Add a script that verifies your most recent backup is recent enough:

#!/bin/bash
set -euo pipefail

MAX_AGE_HOURS=26  # Alert if backup is older than 26 hours

LATEST=$(restic snapshots --latest 1 --json --repo /mnt/nas/restic-repo | \
  jq -r '.[0].time')
LATEST_EPOCH=$(date -d "$LATEST" +%s)
NOW_EPOCH=$(date +%s)
AGE_HOURS=$(( (NOW_EPOCH - LATEST_EPOCH) / 3600 ))

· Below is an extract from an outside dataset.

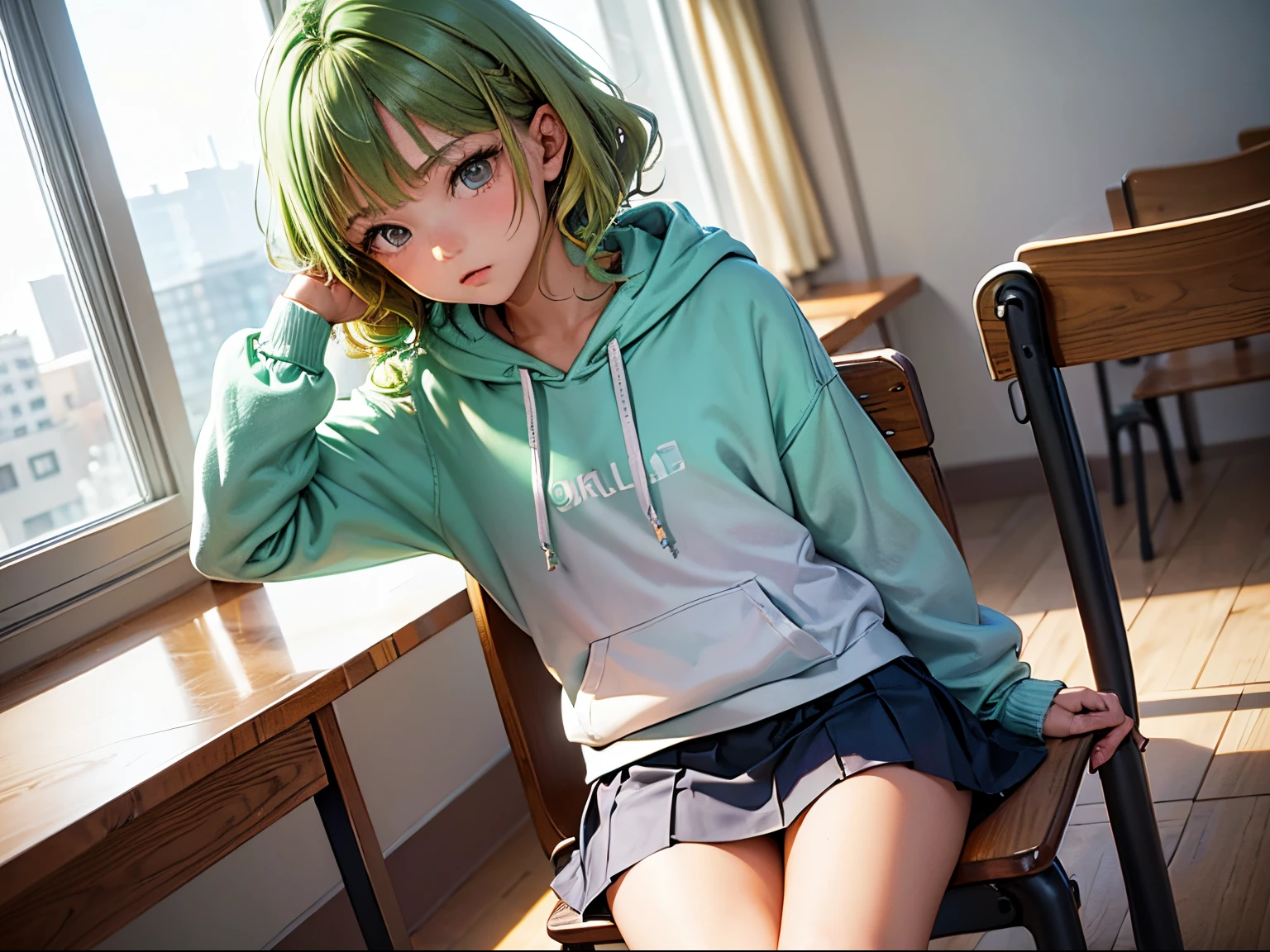 1girl in, Solo, Solo Focus, Cowboy Shot, Portrait, oversized hoodie, Aqua green and white hoodie, Half Aqua, Half Green, ((Brown hair)), (Yellow hair), (Gradient Hair :1.5), Curly hair, ((Pink eyes)), ultradetailed eyes, asa, (Caramel Black Skin:1.1), Best Quality, Ultra-detailed, university campus,crass room,dictionary on the desk,sit a chair、open one's legs,White panty,Flip up your skirt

if [ "$AGE_HOURS" -gt "$MAX_AGE_HOURS" ]; then
  echo "CRITICAL: Latest backup is ${AGE_HOURS} hours old!"
  # Send notification via ntfy, email, or webhook
  curl -d "Backup is ${AGE_HOURS}h old (max: ${MAX_AGE_HOURS}h)" ntfy.sh/your-topic
  exit 1
fi

echo "OK: Latest backup is ${AGE_HOURS} hours old"

Monitor backup size

Sudden changes in backup size usually indicate a problem -- either data was deleted unexpectedly, or a new large dataset isn't being captured:

# Log backup sizes over time
restic stats latest --json --repo /mnt/nas/restic-repo | \
  jq '{date: now | todate, size_gb: (.total_size / 1073741824 * 100 | round / 100)}'

Common Disaster Recovery Mistakes

Storing the recovery kit on the server it protects -- If the server dies, your recovery docs die with it. Keep the kit in a git repo, a cloud storage bucket, or both.
Backing up volumes but not configurations -- Your Docker Compose files, environment variables, and system configurations are just as critical as your data. A database dump without the application configuration to use it is half a recovery.
Not encrypting off-site backups -- Both Borg and Restic encrypt by default. But if you're using rsync to a remote server, that data is plaintext. Always encrypt before sending data off-site.
Relying on RAID as a backup -- RAID protects against drive failure. It does not protect against accidental deletion, ransomware, fire, or filesystem corruption. RAID is uptime insurance. Backups are data insurance. You need both.
Never testing the recovery -- This is the single most common and most dangerous mistake. Test quarterly. No exceptions.

The Bottom Line

Disaster recovery planning is unglamorous work. Nobody posts their DR runbooks on Reddit for karma. But the self-hosters who weather hardware failures, ransomware incidents, and accidental rm -rf disasters without losing data are the ones who did this work ahead of time.

Spend an afternoon building your recovery kit, writing your restore procedure, and testing it once. Then schedule quarterly tests. When the inevitable hardware failure happens, you'll be annoyed for an afternoon instead of devastated for months.